Australian Sports Coalition Makes Submission to Foreign Bribery Senate Inquiry
The Coalition of Major Professional and Participation Sports Inc. (COMPPS) has made a submission to the Senate Inquiry into Foreign Bribery, calling for a federal legislative response to tackle the threat of local and cross-border match fixing in Australia.
As sports betting in legal and illegal markets continues to grow, and with an ever-rising incidence of match-fixing across sport globally, COMPPS warns of “the potential for the threat of match fixing to strike at the core of sport’s integrity and the perception of sport’s integrity in Australia”.

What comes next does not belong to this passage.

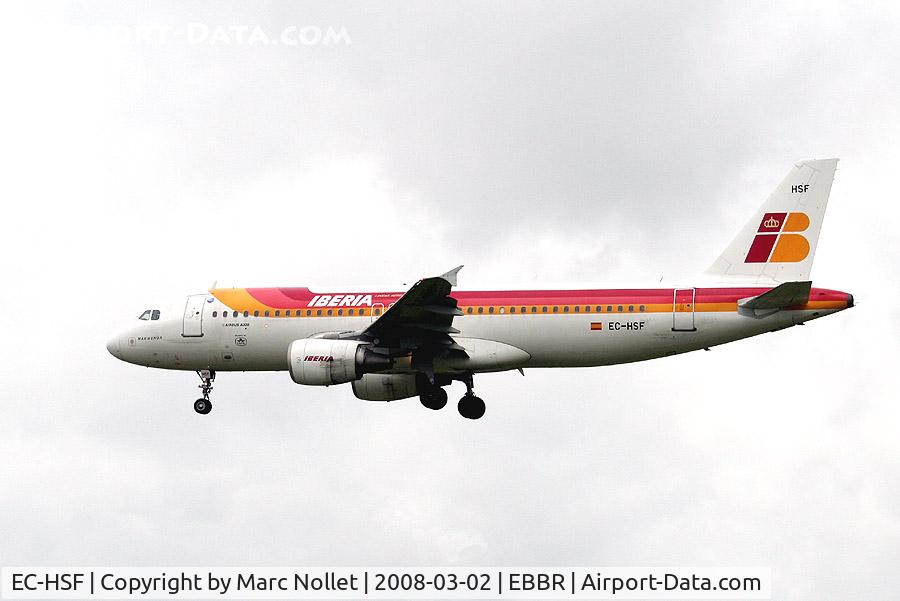 EC-HSF, 2000 Airbus A320-214 C/N 1255, Landing at Brussels Airport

COMPPS is comprised of the governing bodies of major professional sports in Australia: the Australian Football League (AFL); Australian Rugby Union (ARU); Cricket Australia (CA); Football Federation Australia (FFA); National Rugby League (NRL); Netball Australia; and Tennis Australia.
Keeping Sport Clean: Australian Initiatives
In the Coalition’s submission, dated 8 September 2015, Malcolm Speed, Executive Director of COMPPS, and former International Cricket Council CEO, acknowledged the “serious and concerted” efforts undertaken to address the serious threat that match fixing poses.

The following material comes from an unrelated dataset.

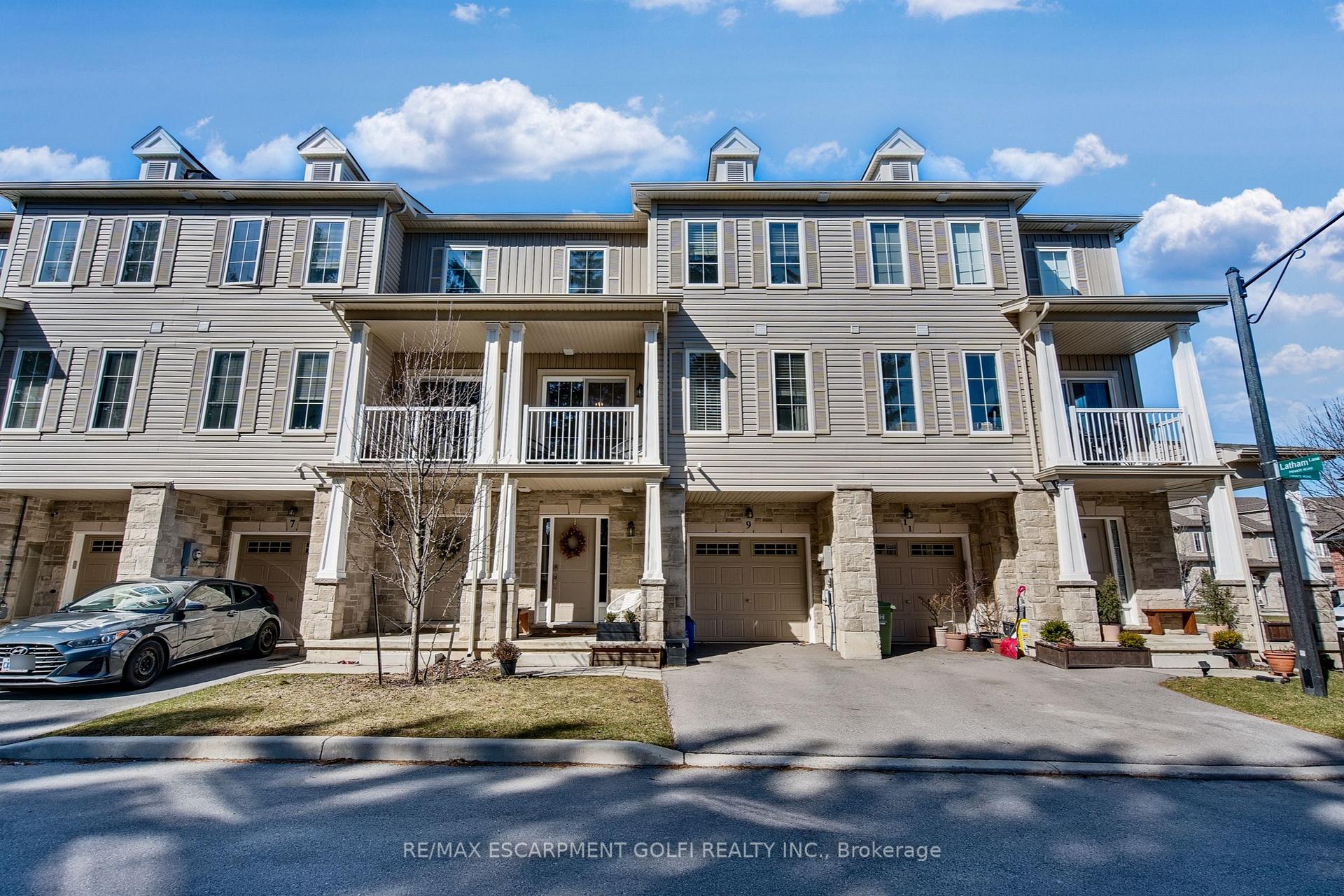Photo 2 of 9 Pipe Avenue, Hamilton, Ancaster — HOMEH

In June 2011, federal, state and territory sports ministers endorsed a National Policy on Match-Fixing in Sport, under which governments agreed to pursue measures including nationally consistent legislative arrangements to tackle and deter match fixing, and information-sharing arrangements between governments, major sports organisations, betting operators and law enforcers.
In line with the Policy, the federal government has established the National Integrity of Sport Unit (NISU) to provide national oversight, monitoring and coordination in respect of the threats posed by doping, match fixing and other forms of corruption.
Measures have also been taken by sporting bodies themselves. Working in concert with betting operators and players’ associations, COMPPS initiated an Anti-Corruption Working Party in 2011 to make recommendations for reform and formulate robust codes of conduct for COMPSS members.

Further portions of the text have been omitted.